Но, как выясняется, для Ф. Ницше этого запрета не существует, как его вообще не существует для культуры Серебряного века. Следовательно, вопрос остается открытым: способствует ли Ф. Ницше, вводя в модерн архаические комплексы, продлению срока модерна или же он своими новыми открытиями античной архаики уже вызывает к жизни оппозицию модерну? Этот вопрос весьма значим, ведь именно с Ф. Ницше начинается эпоха переоценки всех ценностей, что искусством Серебряного века будет подхвачено. Как очевидно, резонанс идей Ф. Ницше в среде русской интеллигенции начала XX века был весьма ощутим. Это можно утверждать применительно не только к Н. Бердяеву, В. Соловьеву или Д. Мережковскому, но, например, и по отношению к неравнодушному к идеям, высказанным ницшевским Заратустрой М. Горькому [159, с. 162].
Таким образом, вопрос о переходности можно ставить уже не только в плоскости политических структур, имея в виду надлом и распад империи, и не только на уровне трансформации эстетических представлений (постепенное движение уже в начале XX века в направлении постмодерна). Главное в такой постановке вопроса заключается в переходности на уровне культуры, что, собственно, в данном издании и предстоит показать.

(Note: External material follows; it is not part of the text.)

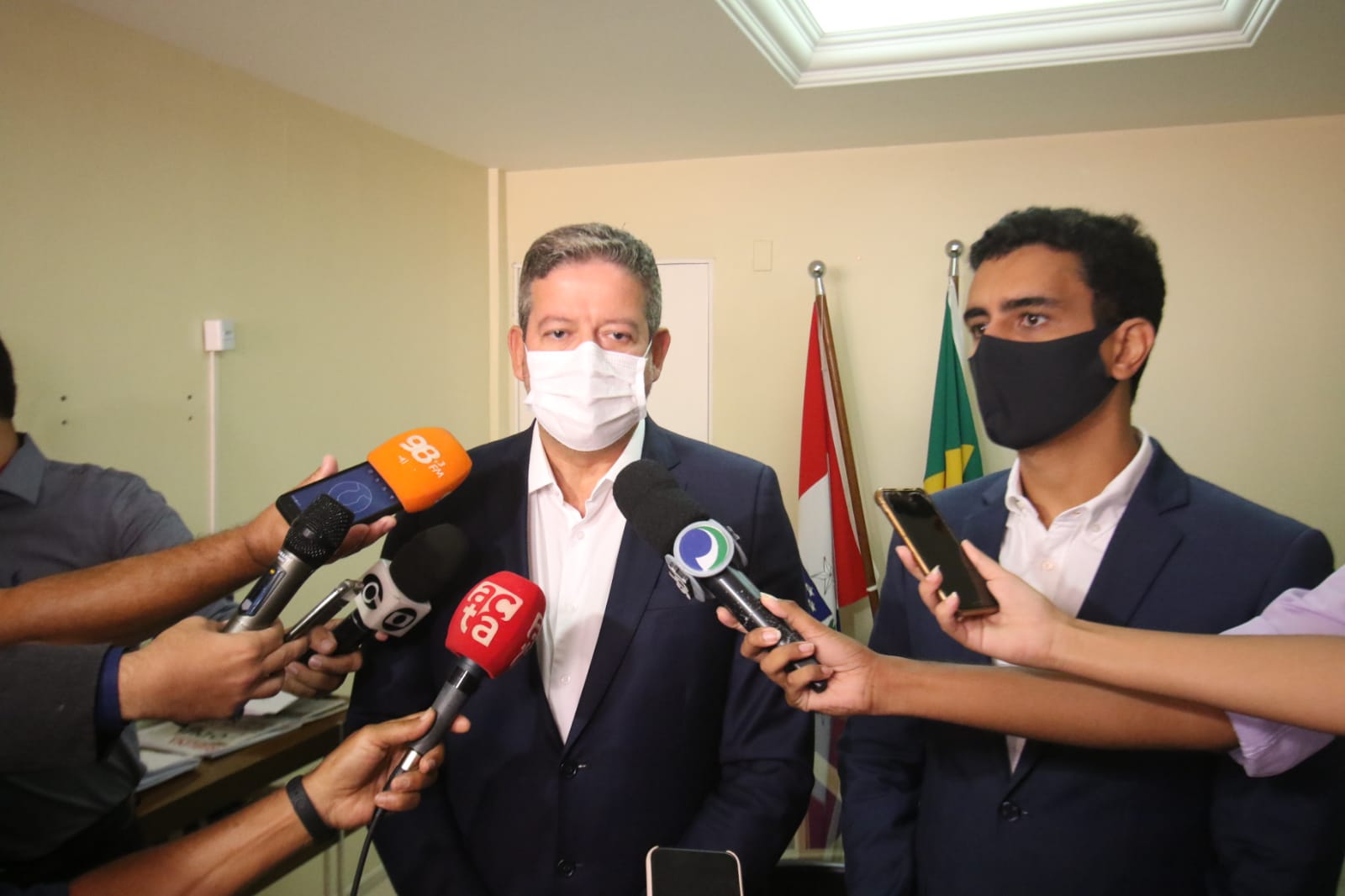 Arthur Lira discute projetos para Maceió com JHC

1.4. Переходность на уровне культуры как основополагающая причина развертывающихся на рубеже XIX–XX веков художественных процессов
Достаточно отдавать отчет о необходимости понимания применительно к этой эпохе переходности в двойном смысле, т. е. на уровне политики и эстетики. Уже это обстоятельство позволяет уяснить корни того хаоса или смуты, что сопровождает разные попытки эту эпоху понять и осмыслить. В соответствии с концепцией А. Тойнби, на рубеже XIX–XX веков Россия входит в специфический период своей истории, который следовало бы назвать «надломом», не важно, идет ли речь о России как империи или о ней как об особой цивилизации [388]. Эпохи надлома в истории драматичны хотя бы уже потому, что порождают распад коллективной идентичности. Именно в такие эпохи единственным способом поддержать такую идентичность может быть не столько империя, сколько культура. Именно в переходные эпохи, когда рушатся многие устои социальной и государственной жизни, обращение к культуре означает активность высшего или спасительного инстинкта как инстинкта культуры [96, с. 136].